In the entries below, find the line containing "Elegant Lace Hipster" and the line containing "LEGO® NINJAGO® Zilvar". Copy those two lines and everything between them exactly, and only that.

# SOURCE MATERIAL
------------------------------
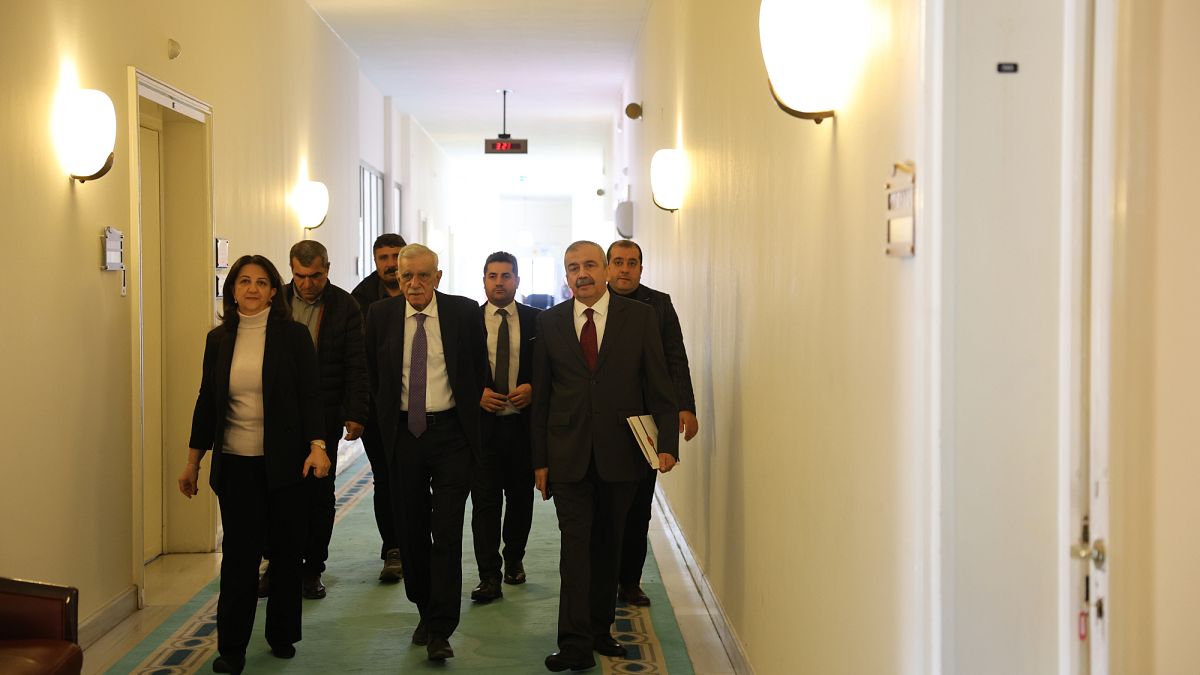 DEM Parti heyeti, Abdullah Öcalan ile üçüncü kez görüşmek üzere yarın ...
------------------------------
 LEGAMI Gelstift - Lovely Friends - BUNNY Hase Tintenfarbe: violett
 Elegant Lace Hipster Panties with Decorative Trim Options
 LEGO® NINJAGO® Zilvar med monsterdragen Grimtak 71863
------------------------------
# WRITTEN REPLY
 Elegant Lace Hipster Panties with Decorative Trim Options
 LEGO® NINJAGO® Zilvar med monsterdragen Grimtak 71863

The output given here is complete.